In the previous example the code

```python

    import networkx as nx

    print('Node words:')

    print(nx.get_node_attributes(g, 'token'))

    print('Node POS tags:')

    print(nx.get_node_attributes(g, 'pos'))

    print('edge labels:')

    print(nx.get_edge_attributes(g, 'label'))

```

would output

```python

Node words:

{'0_in': 'in', '2_physics': 'physics', '1_nuclear': 'nuclear', '5_island': 'island', '3_,': ',', '4_the': 'the', '11_set': 'set', '6_of': 'of', '7_stability': 'stability', '8_is': 'is', '9_a': 'a', '10_predicted': 'predicted', '12_of': 'of', '13_isotopes': 'isotopes', '15_of': 'of', '19_elements': 'elements', '16_superheavy': 'superheavy', '20_that': 'that', '22_have': 'have', '21_may': 'may', '23_considerably': 'considerably', '24_longer': 'longer', '25_half': 'half', '28_than': 'than', '30_isotopes': 'isotopes', '29_known': 'known', '32_of': 'of', '34_elements': 'elements', '33_these': 'these', '35_.': '.'}

Node POS tags:

{'0_in': 'IN', '2_physics': 'NN', '1_nuclear': 'JJ', '5_island': 'NNP', '3_,': ',', '4_the': 'DT', '11_set': 'NN', '6_of': 'IN', '7_stability': 'NN', '8_is': 'VBZ', '9_a': 'DT', '10_predicted': 'VBN', '12_of': 'IN', '13_isotopes': 'NNS', '15_of': 'IN', '19_elements': 'NNS', '16_superheavy': 'JJ', '20_that': 'WDT', '22_have': 'VB', '21_may': 'MD', '23_considerably': 'RB', '24_longer': 'JJR', '25_half': 'NNS', '28_than': 'IN', '30_isotopes': 'NNS', '29_known': 'VBN', '32_of': 'IN', '34_elements': 'NNS', '33_these': 'DT', '35_.': '.'}

edge labels:

{('0_in', '2_physics'): 'case', ('2_physics', '5_island'): 'nmod', ('1_nuclear', '2_physics'): 'amod', ('5_island', '11_set'): 'nsubj', ('3_,', '2_physics'): 'punct', ('4_the', '5_island'): 'det', ('6_of', '7_stability'): 'case', ('7_stability', '5_island'): 'nmod', ('8_is', '11_set'): 'cop', ('9_a', '11_set'): 'det', ('10_predicted', '11_set'): 'amod', ('12_of', '13_isotopes'): 'case', ('13_isotopes', '11_set'): 'nmod', ('15_of', '19_elements'): 'case', ('19_elements', '13_isotopes'): 'nmod', ('16_superheavy', '19_elements'): 'amod', ('20_that', '22_have'): 'nsubj', ('22_have', '19_elements'): 'acl:relcl', ('21_may', '22_have'): 'aux', ('23_considerably', '24_longer'): 'advmod', ('24_longer', '25_half'): 'amod', ('25_half', '22_have'): 'obj', ('28_than', '30_isotopes'): 'case', ('30_isotopes', '22_have'): 'nmod', ('29_known', '30_isotopes'): 'amod', ('32_of', '34_elements'): 'case', ('34_elements', '30_isotopes'): 'nmod', ('33_these', '34_elements'): 'det', ('35_.', '11_set'): 'punct'}

```

## Architecture and training

The stylized architecture is depicted below 

![Architecture](images/parser_diagram.png)

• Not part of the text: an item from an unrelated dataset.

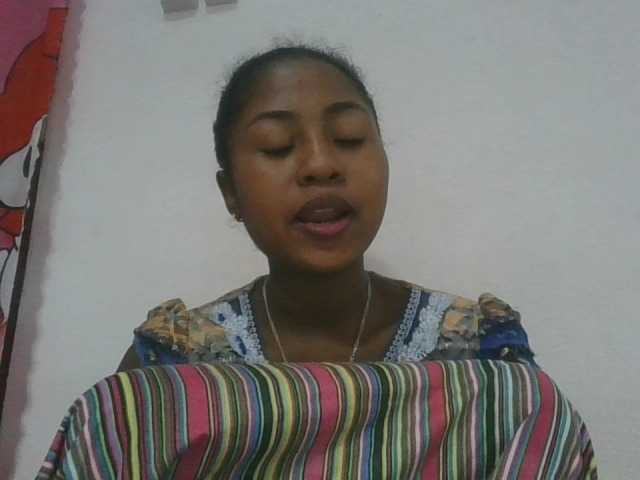 Marinah1a live cam on BongaCams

While the full code is found in the file [model.py](tree_parser/model.py) 

The system is trained with an Adam optimizer using 5e-5 as step size. 

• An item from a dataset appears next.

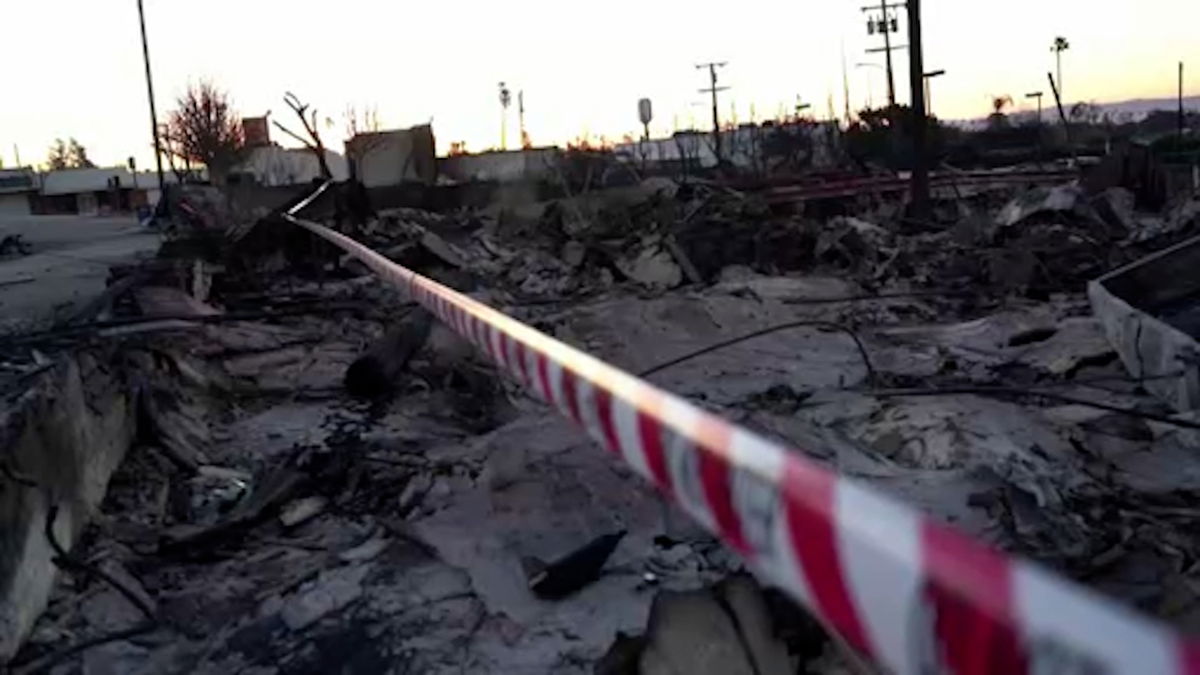 California’s lt. gov. tours aftermath of massive wildfires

The two transformer layers seem to add stability to training: without the the system ends up stuck in a local minimum after a few epochs.

## Dataset and results

The system is trained on the UG dataset [en_gum-ud](https://universaldependencies.org/treebanks/en_gum/index.html)

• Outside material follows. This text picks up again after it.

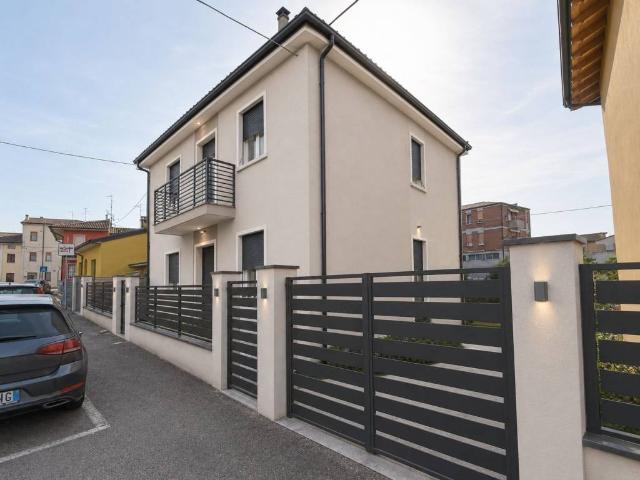 Appartamento in vendita a Villafranca Di Verona, Veneto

The results of the system are quite good. A comparison with a non BERT-based method can be found in the excellent paper   [Nguyen and Vespoor](https://www.aclweb.org/anthology/K18-2008/):

Bert seems to add 6% points in UAS and 7 in LAS. 

Curiously the POS score is increased by only 1 percentage point.   

| Set | UAS | LAS | POS |

|:---:|:---:|:---:|:---:|

| Dev | 0.91| 0.88| 0.96|

| Test| 0.9 | 0.87| 0.95|

# Comments 

A pretrained BERT language model seems to be improving upon LSTM based training. By quite a lot!